The major record labels had a stranglehold on the popular music of the late 40s and the early 50s. Rock and Roll was looked down upon by our parent’s generation as being too loose and degenerate. Artists performing rock and roll were being repressed by the major record labels and they were not getting air play. Rock and roll artists became the mainstay of many of the independent labels and they started distributing their music through promoters directly to the radio stations who played rock and roll and to the record stores who sold it. This created a shift of power that gave birth to a whole new family of major record labels and to Broadcast Music Incorporated (BMI), the first performing rights organization in the United States to represent songwriters of blues, jazz, rhythm and blues, gospel, and—ultimately—rock and roll. These were the genres that the other performing rights organization, ASCAP, did not want to represent. BMI was the primary licensing organization for Rock, Country and R&B artists, while ASCAP centered on more established Pop artists.
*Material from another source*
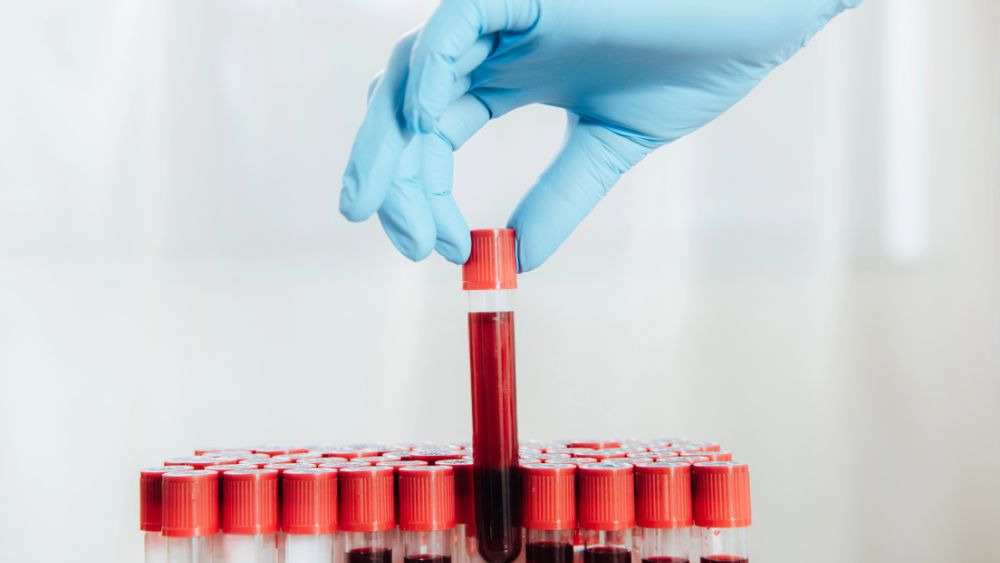 Provette per i test di laboratorio - Tempo di tromboplastina parziale attivato aPTT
Radio stations were the key link between the new record companies and the teen audience that was the primary consumer of rock and roll. Every week, the promoters would come by and bring a stack of samples that they wanted the stations to play. The program director or music director of the station would go through the stack and pick the ones that would be added to the play list. These “up and comers” would then be added to the existing rotation of top 40 hits and oldies. Usually around that time, the new Top 40 list would be generated based on requests and record sales in the local area. So these playlists had a definite local flavor. This is important, because the only way for a local band to “break out” would be to convince the person choosing the new records for air play to add them to the mix. This is how new stars were added to the national scene. They came through their local radio stations. DJs travelling around on vacation of business would hear the station in the neighboring city playing a hot tune and they would add it to their rotation too. Eventually the band would go “regional” and if very lucky, “national“.

I remember sitting in the production studio of my old station with our program director, Woody, listening to the new stack of tunes. The process was almost brutal. We would start the song and listen to the first 30 seconds or so, as far as the first chorus. In case you were wondering, this is why the chorus is also called the “hook” of the record. If the song hadn’t hooked us in by then, it was unceremoniously ripped off the turn table and tossed into the grab bag to be used as prizes in a contest. Each station wanted to be the first to identify and play the newest hit. Sometimes, we would have to go back into the grab bag and retrieve a record that some nearby city was playing. None of this happens today because for most corporate radio stations, the play list is controlled from some far away corporate headquarters. Even if the station claims to be “live and local” this one aspect of it is usually not local. That makes it much harder for the indie bands of today. Oh MY!